Which deployment type should I choose?
A very frequent question is which deployment to choose out of Milvus Lite, Standalone, and Distributed. The answer primarily depends on how large your vector database needs to be and how much traffic it will serve:
Milvus Lite
When prototyping on your local system with up to a few million vectors, or looking for an embedded vector db for unit testing and CI/CD, you can use Milvus Lite. Note that some more advanced features like full-text search are not yet available within Milvus Lite but coming soon.
Milvus Standalone
If your system needs to serve production traffic and / or you need to store between a few million and a hundred-million vectors, you should use Milvus Standalone, which packs all components of Milvus into a single Docker image. There is a variation which just takes its persistent storage (minio) and metadata store (etcd) dependencies out as separate images.
Milvus Distributed
For any larger scale deployments serving production traffic, like serving billions of vectors at thousands of QPS, you should use Milvus Distributed. Some users may want to perform offline batch processing at scale, for example, for data deduplication or record linkage, and the future version of Milvus 3.0 will provide a more efficient way of doing this by what we term a vector lake.
Fully Managed Service
For developers who want to focus on the application development without worrying about DevOps, Zilliz Cloud is the fully managed Milvus that offers a free tier.

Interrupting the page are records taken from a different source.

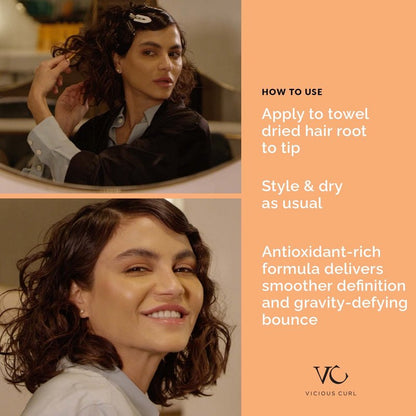 VICIOUS CURL Anti-Gravity Styling Cream – No-Crunch Curl Defining Cream for Wavy & Curly Hair, Curl Types 2A 2B 2C 3A 3B 3C, CGM Approved – Frizz Control, Lightweight Hold, Leave-In Cream, 6 Fl Oz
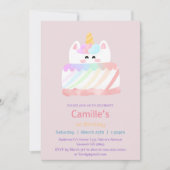 Schattigee Waterverf Rainbow Unicorn Cake 1e verja Kaart (Voorkant)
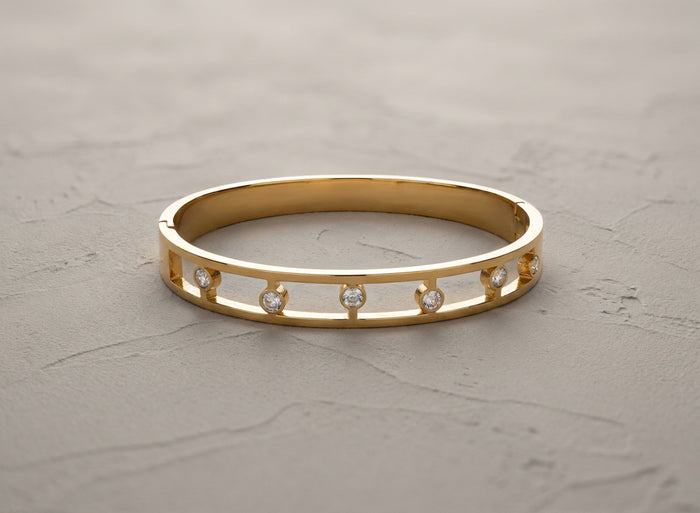 Gold Open Bangle with Round Stones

See “Overview of Milvus Deployments” for more information.
How much memory, storage, and compute will I require?
This question comes up a lot, not only for existing Milvus users but also those who are considering whether Milvus is appropriate for their application. The exact combination of how much memory, storage, and compute a deployment will require depends on complex interaction of factors.
Vector embeddings differ in dimensionality due to the model that is used. And some vector search indexes are stored entirely in memory, whereas others store data to disk. Also, many search indexes are able to store a compressed (quantized) copy of the embeddings and require additional memory for graph data structures. These are just a few factors that affect the memory and storage.

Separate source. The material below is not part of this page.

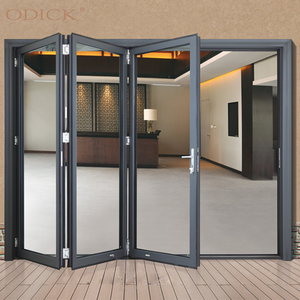 Aluminuglassio Slide muslimex porte anodizzate Germsilverr vetro Bifold per case <span class=keywords><strong>Design</strong></span> grafico pieghevole impermeabile in metallo - Product Image 2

Milvus Resource Sizing Tool
Luckily, Zilliz (the team that maintains Milvus) has built a resource sizing tool that does a fantastic job of answering this question. Input your vector dimensionality, index type, deployment options, and so on and the tool estimates CPU, memory, and storage needed across the various types of Milvus nodes and its dependencies. Your mileage may vary so a real load testing with your data and sample traffic is always a good idea.
Which vector index or distance metric should I choose?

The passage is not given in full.